Collection entries:
++++++++++
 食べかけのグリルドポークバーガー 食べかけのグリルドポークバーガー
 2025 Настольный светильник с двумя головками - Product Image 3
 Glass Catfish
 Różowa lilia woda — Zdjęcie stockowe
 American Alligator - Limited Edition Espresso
++++++++++
• _EXERCISE INSTRUCTIONS_
A verbatim output of all the data above is needed.

• _SOLUTION BELOW_
 食べかけのグリルドポークバーガー 食べかけのグリルドポークバーガー
 2025 Настольный светильник с двумя головками - Product Image 3
 Glass Catfish
 Różowa lilia woda — Zdjęcie stockowe
 American Alligator - Limited Edition Espresso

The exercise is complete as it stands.